AdaMixT: Adaptive Weighted Mixture of Multi-Scale Expert Transformers for Time Series Forecasting
This work addresses forecasting challenges in domains like weather and traffic by introducing an incremental improvement in multi-scale feature fusion for time series models.
The paper tackled the problem of multivariate time series forecasting by proposing AdaMixT, which adaptively fuses multi-scale features using a mixture of expert transformers, resulting in improved performance across eight benchmarks such as Weather and Traffic datasets.

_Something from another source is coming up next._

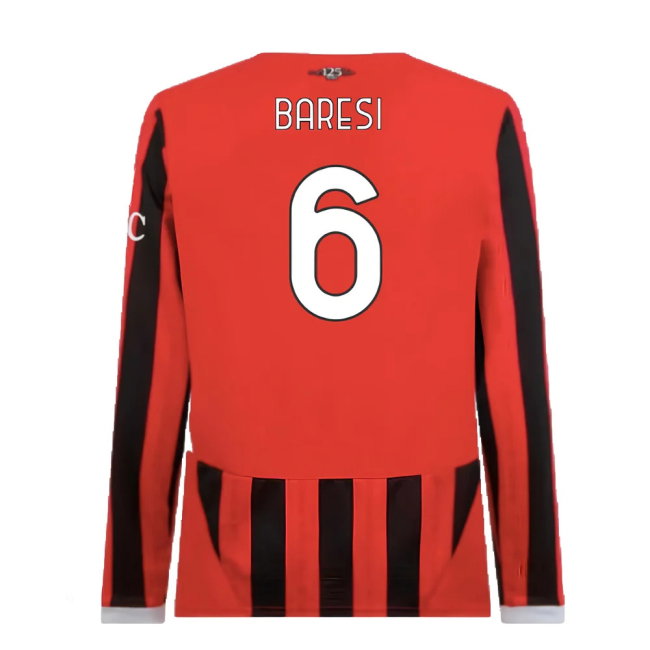 2024-2025 AC Milan Home Long Sleeve Shirt (Baresi 6)
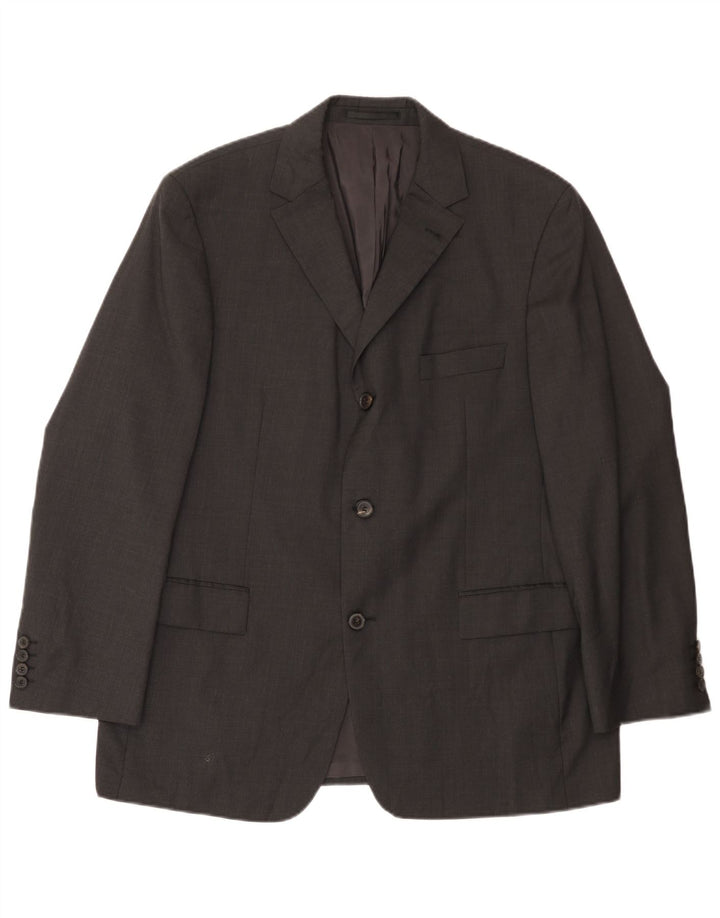Blazer pentru bărbați Hugo Boss cu 3 nasturi, UK 40, lână mare, gri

Multivariate time series forecasting involves predicting future values based on historical observations. However, existing approaches primarily rely on predefined single-scale patches or lack effective mechanisms for multi-scale feature fusion. These limitations hinder them from fully capturing the complex patterns inherent in time series, leading to constrained performance and insufficient generalizability. To address these challenges, we propose a novel architecture named Adaptive Weighted Mixture of Multi-Scale Expert Transformers (AdaMixT). Specifically, AdaMixT introduces various patches and leverages both General Pre-trained Models (GPM) and Domain-specific Models (DSM) for multi-scale feature extraction. To accommodate the heterogeneity of temporal features, AdaMixT incorporates a gating network that dynamically allocates weights among different experts, enabling more accurate predictions through adaptive multi-scale fusion. Comprehensive experiments on eight widely used benchmarks, including Weather, Traffic, Electricity, ILI, and four ETT datasets, consistently demonstrate the effectiveness of AdaMixT in real-world scenarios.